All of the data that follows is to be written out exactly, with images excluded.
Start of Stored data
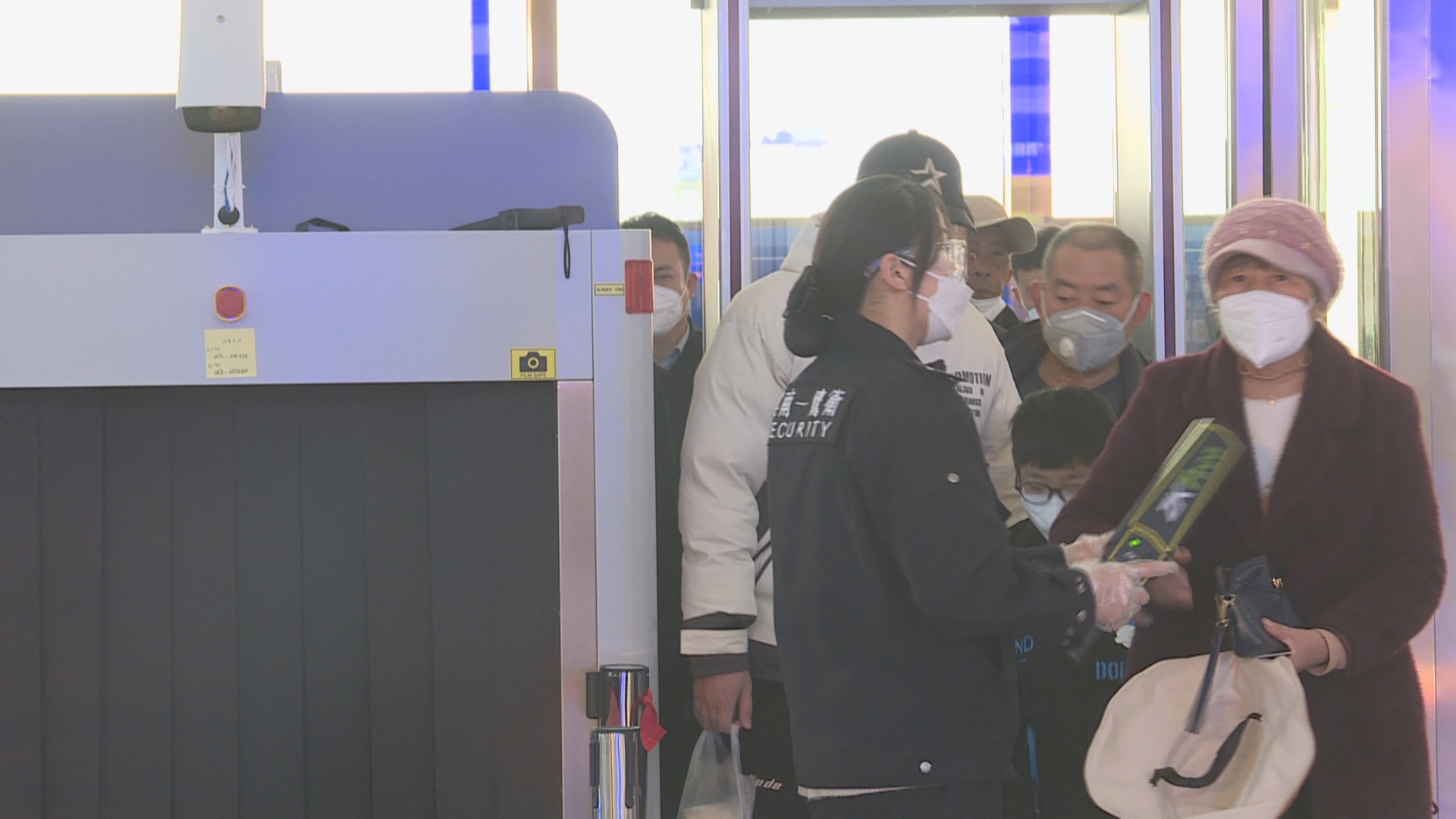 大瑞铁路保山站：全力保春运 让群众回家过团圆年02.jpg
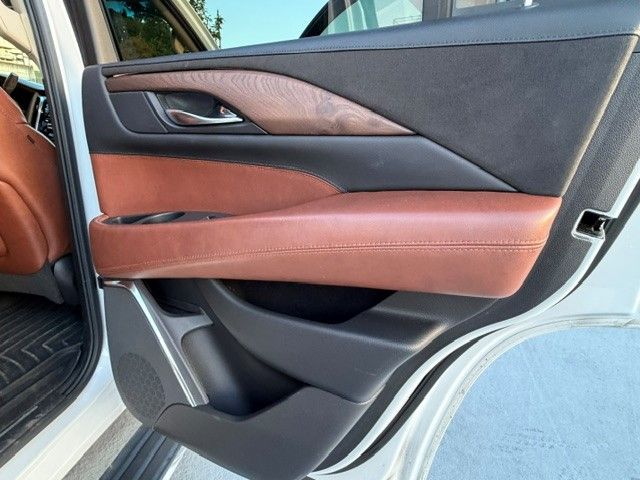 Used 2016 Cadillac Escalade Premium AWD/4WD image 20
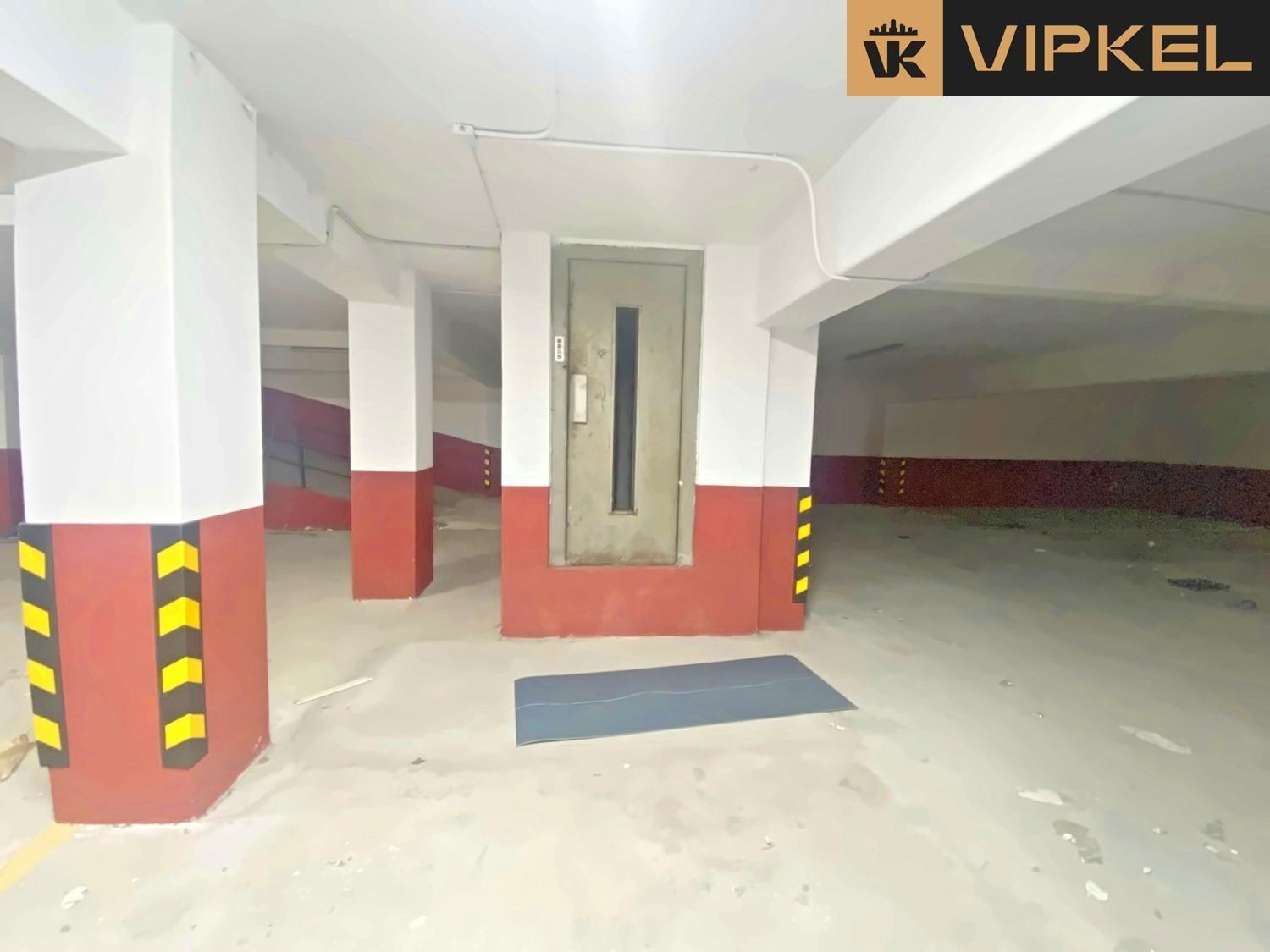 Garage for Sale in Santiago de Compostela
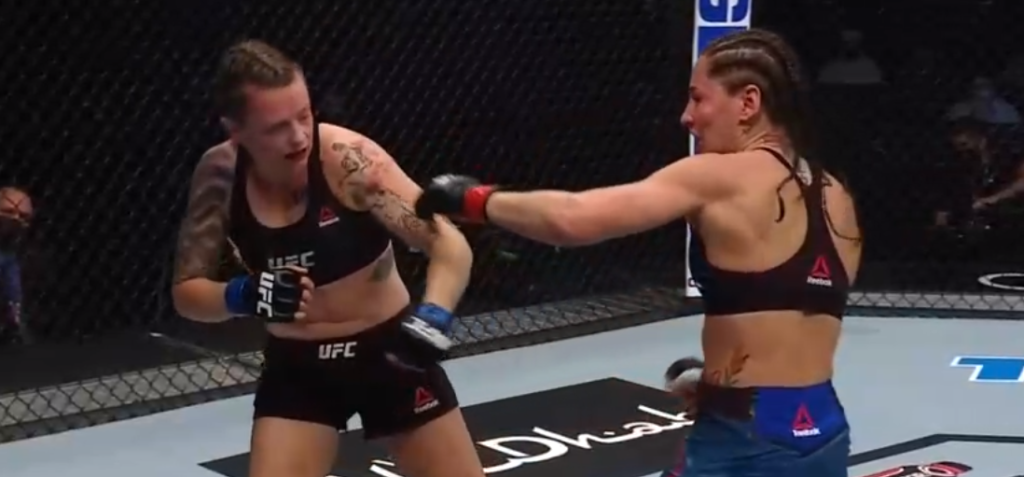 UFC 257: Joanne Calderwood jednogłośnie wygrywa z Jessicą Eye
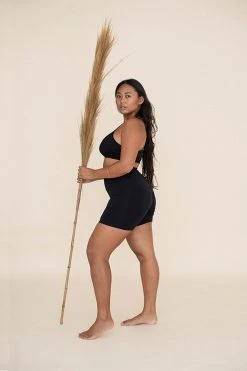 Indigo Luna Ananda Shorts Black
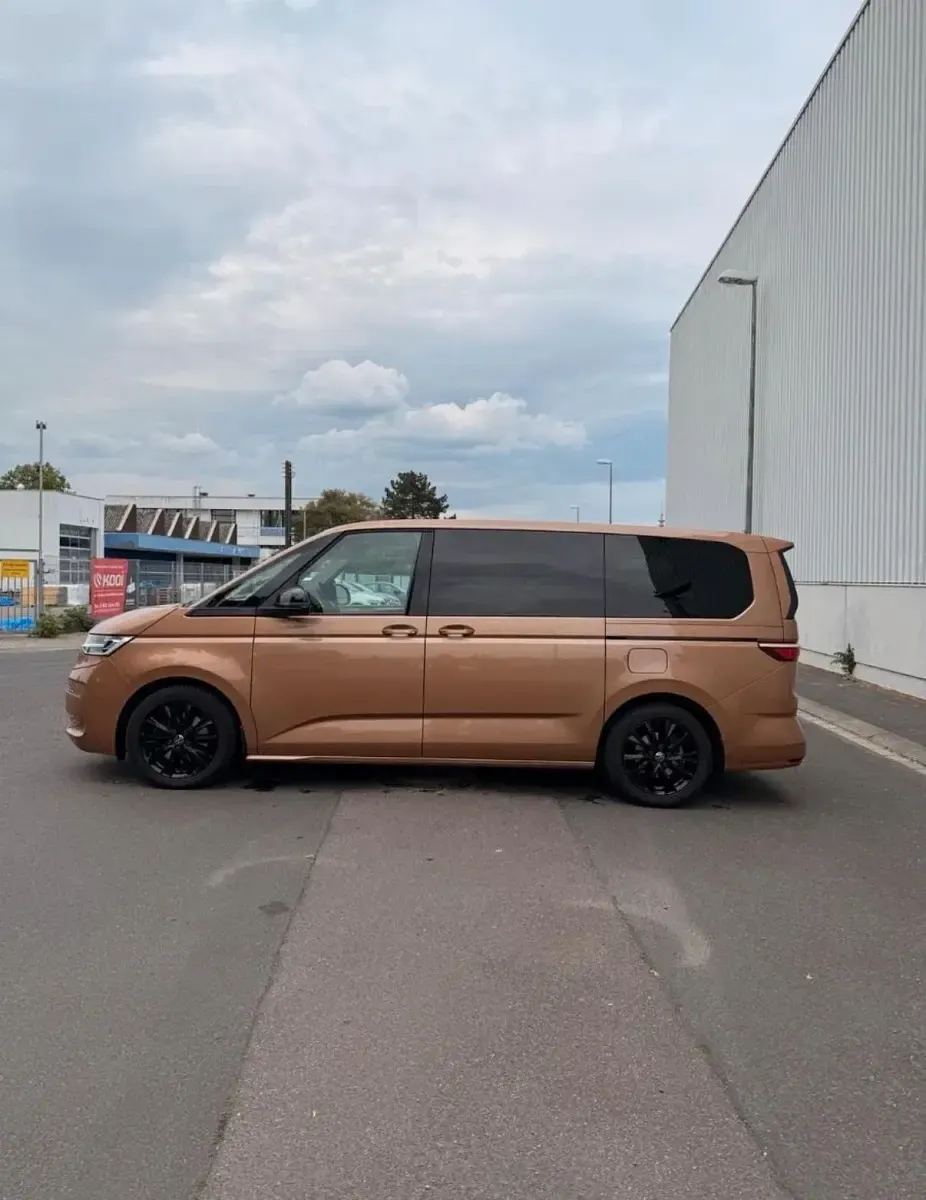 Gebraucht VW Multivan Life 150 PS (110 kW) 2024 Gold Van / Kleinbus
End of Stored data
Written solution
 大瑞铁路保山站：全力保春运 让群众回家过团圆年02.jpg
 Used 2016 Cadillac Escalade Premium AWD/4WD image 20
 Garage for Sale in Santiago de Compostela
 UFC 257: Joanne Calderwood jednogłośnie wygrywa z Jessicą Eye
 Indigo Luna Ananda Shorts Black
 Gebraucht VW Multivan Life 150 PS (110 kW) 2024 Gold Van / Kleinbus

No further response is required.